**What is expected**
The answer consists solely of the lines running from the one with "road to heaven, wind" through the final line below, transcribed exactly and without any pictures.

**Records**
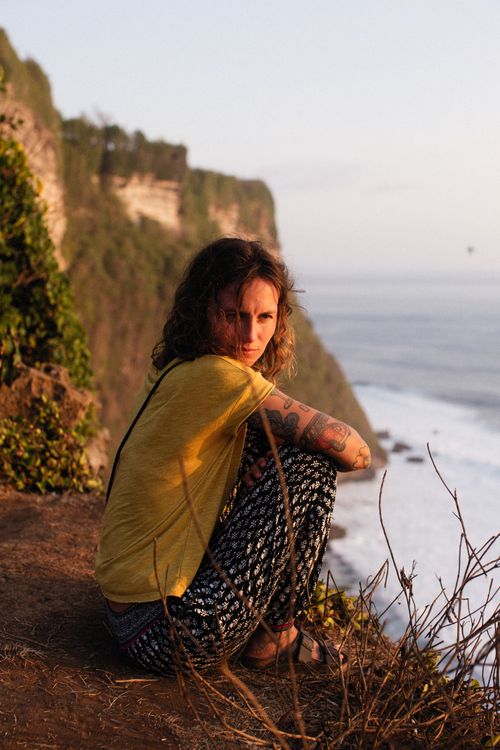 Free A tattooed woman sitting on a cliff edge overlooking the ocean during sunset. Stock Photo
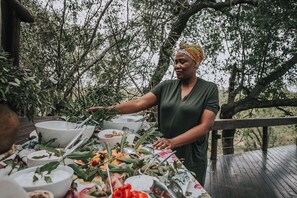 Un espace de restauration en plein air avec une table dressée pour un repas, entouré d’arbres.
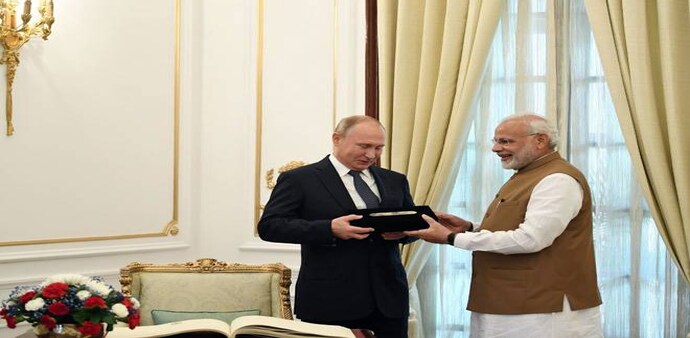Russian President Vladimir Putin with Prime Minister Narendra Modi Russian President Vladimir Putin with Prime Minister Narendra Modi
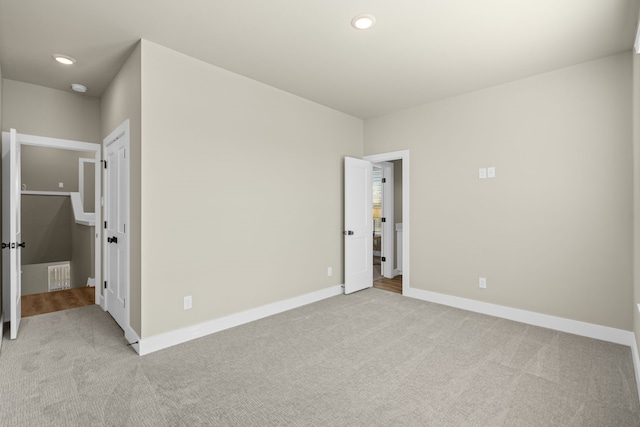 unfurnished bedroom with light colored carpet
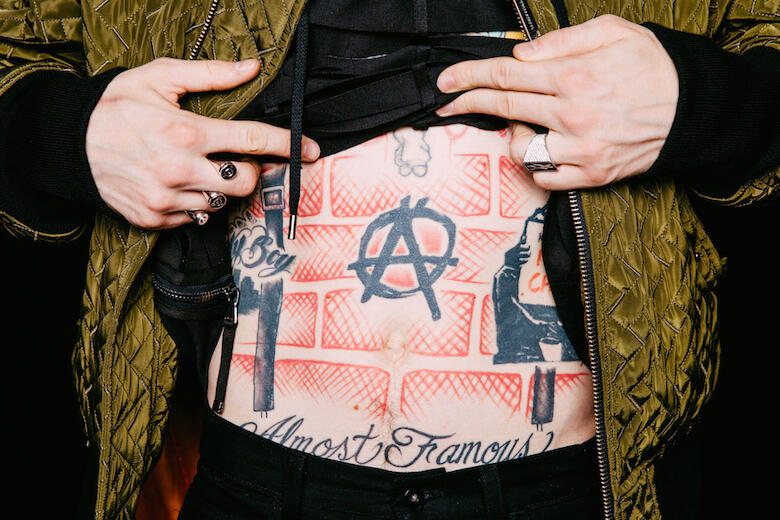 mgk stomach tattoos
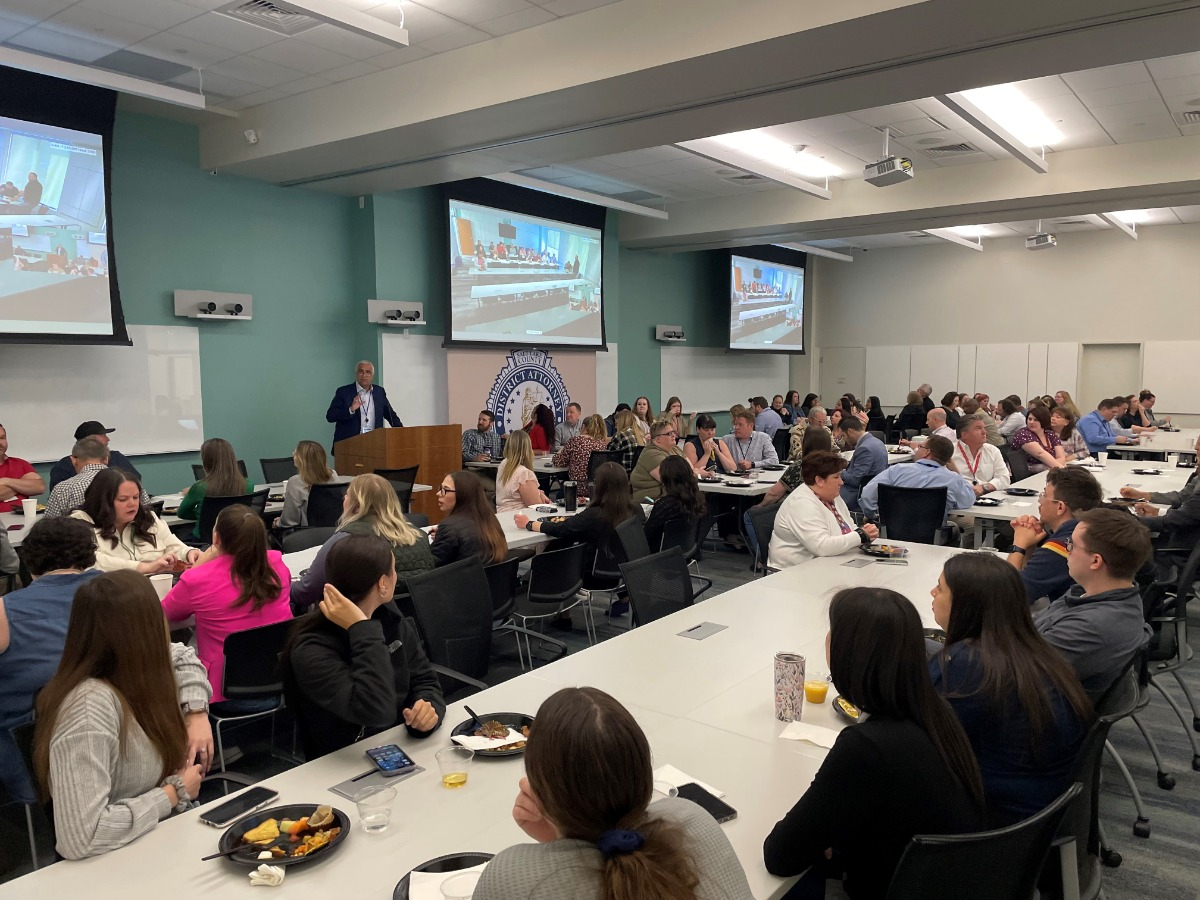 A group of people sitting at tables watching a presentation.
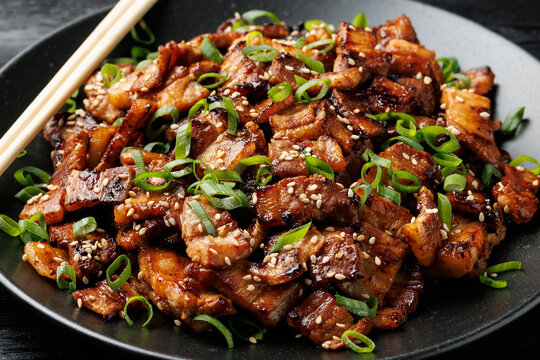 Korean Pork Belly with Sesame Seeds and Green Onions on Black Plate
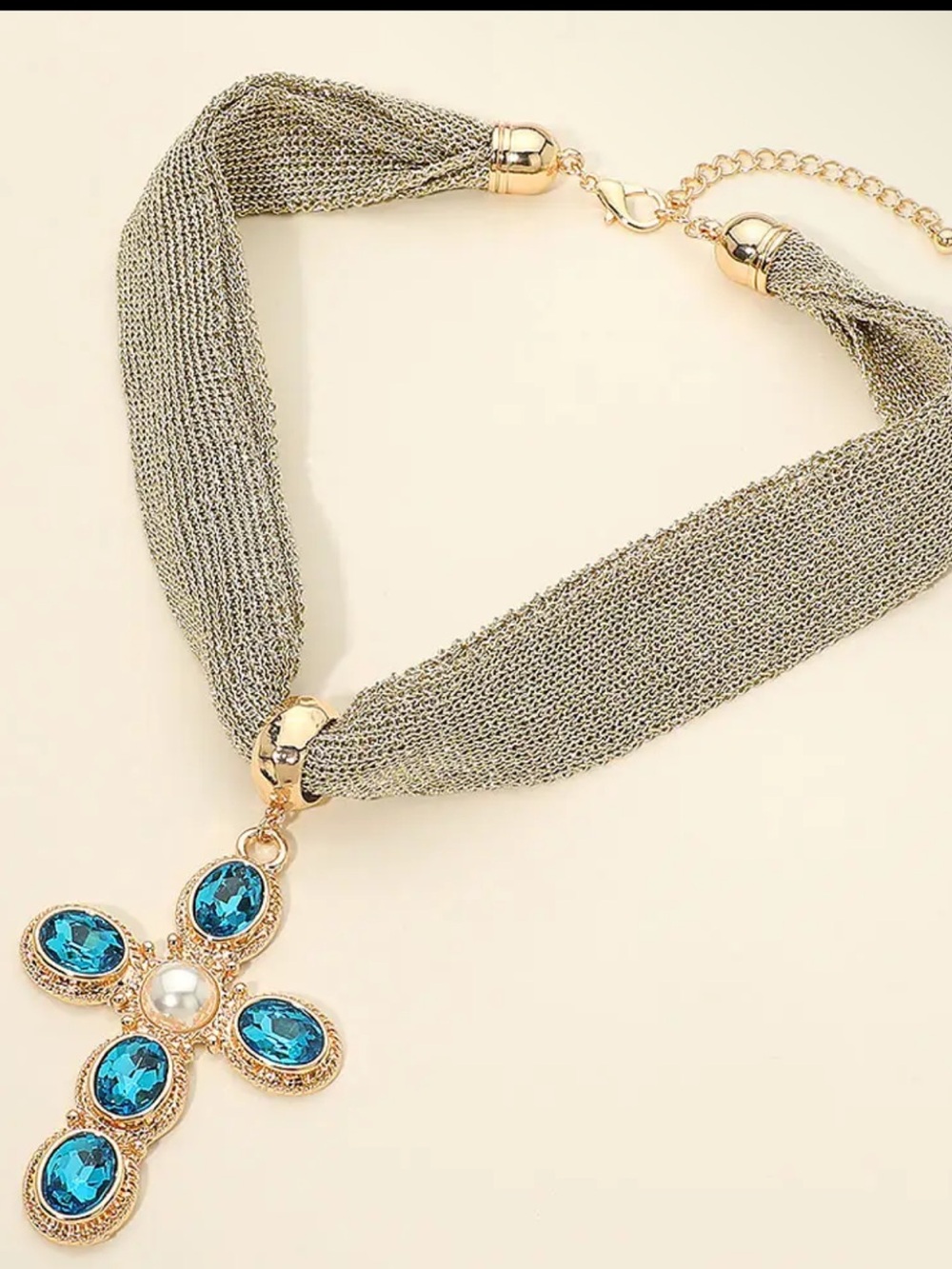Gold Cross Necklace with Blue Gemstones and Gray Mesh Chain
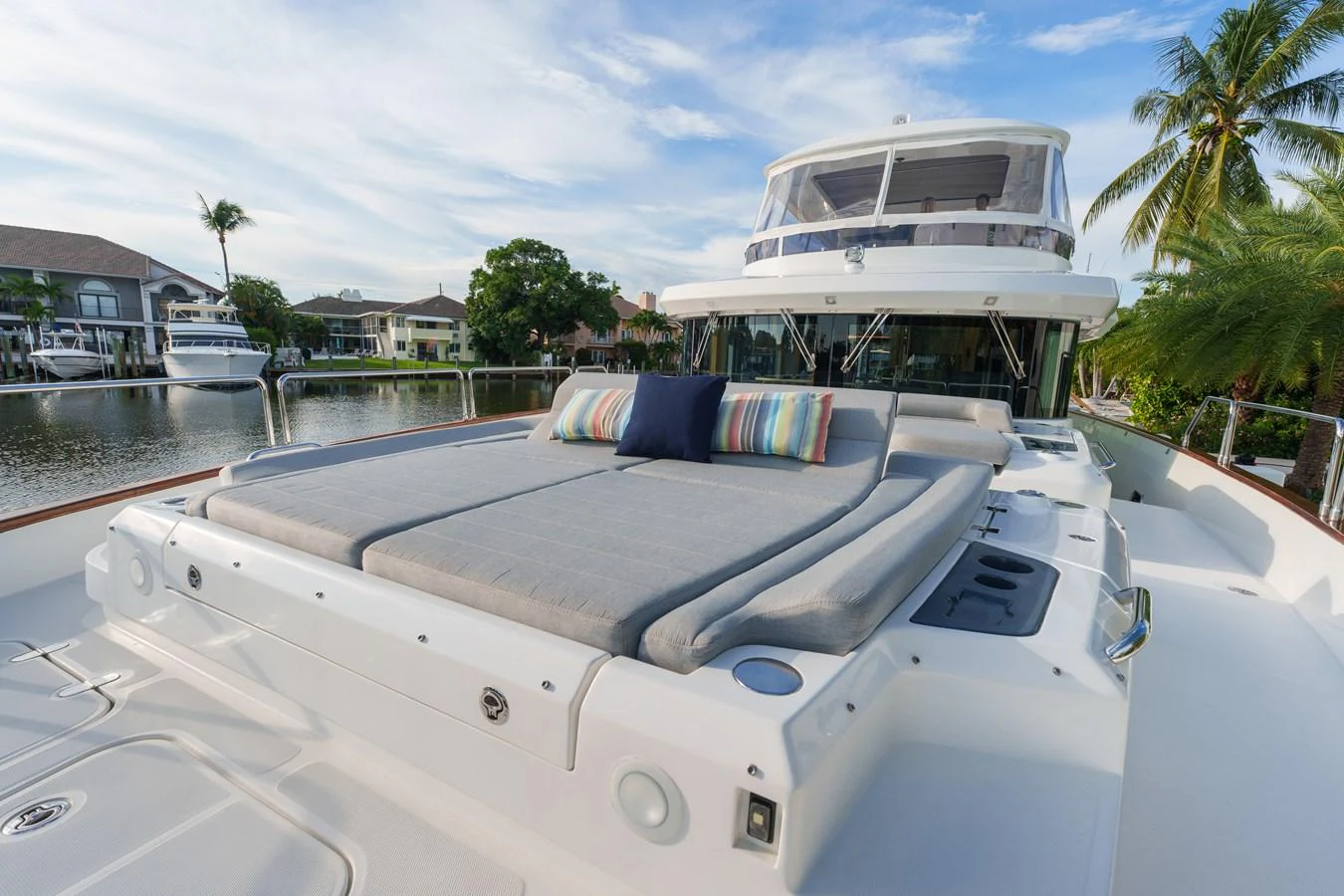 The yacht's foredeck features a spacious sunbathing area with comfortable cushions and pillows, perfect for relaxation. aboard FANTASEA Yacht for Sale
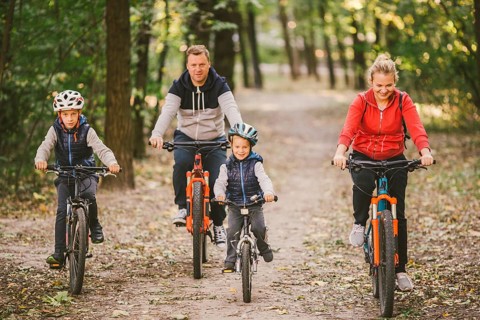 Parents and kids cycling on forest trail. family in warm clothes cycling autumn park. Family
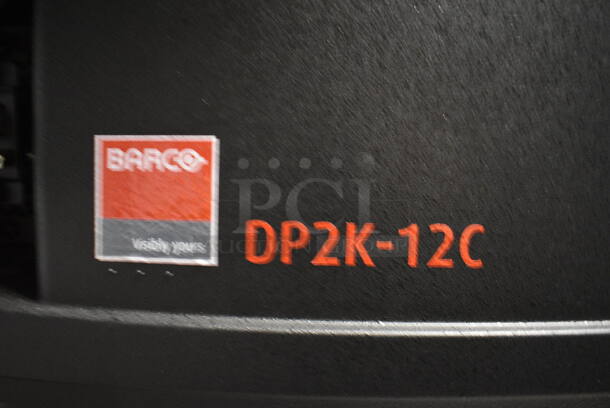 MARVELOUS! 2014 Barco Model DP2K-12C Commercial Countertop DLP Cinema Projector on Cabinet w/ Film-Tech FT21 Automation Cinema System, Gefer Cinema Scaler Pro III, Dolby CP750 Digital Cinema Processor, DCM Powercom, TV Monitor and Tripp Lite Surge Protector. 200-240 Volts. See Lot 10 For Additional Pictures! 26x38x22, 24x53x38. BUYER MUST REMOVE. Tested and Working! - Image 5 of 12
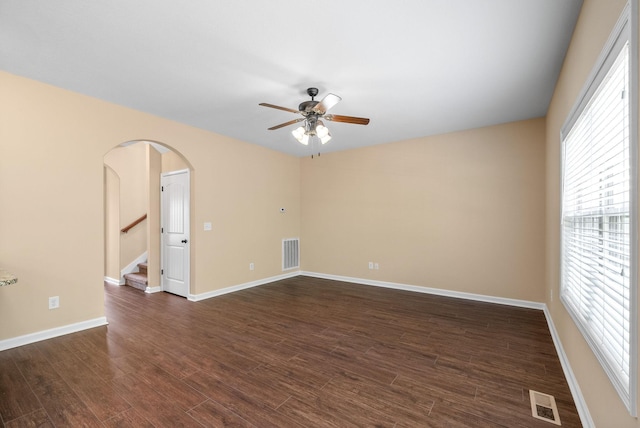 1313 Allmon Dr, Clarksville, TN 37042 - unfurnished room featuring a ceiling fan, arched walkways, stairs, dark wood-style floors, and baseboards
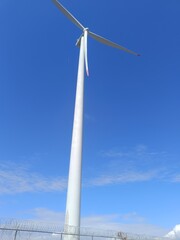 road to heaven, wind turbine against blue sky, road to the sky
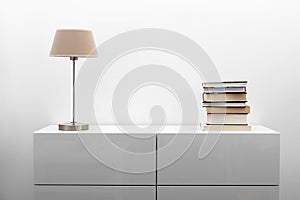 White commode with lamp and books in bright interior photo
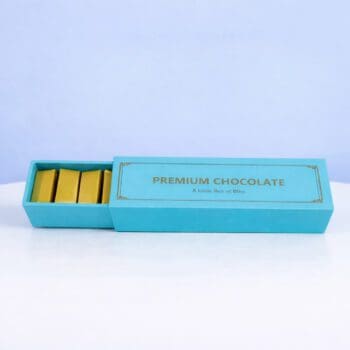 Elegant turquoise half opend premium chocolate box with smooth, rich chocolates inside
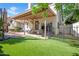 Inviting backyard with a covered patio, artificial grass, and mature trees at 155 W Knox Rd, Tempe, AZ 85284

**Expected answer**
 road to heaven, wind turbine against blue sky, road to the sky
 White commode with lamp and books in bright interior photo
 Elegant turquoise half opend premium chocolate box with smooth, rich chocolates inside
 Inviting backyard with a covered patio, artificial grass, and mature trees at 155 W Knox Rd, Tempe, AZ 85284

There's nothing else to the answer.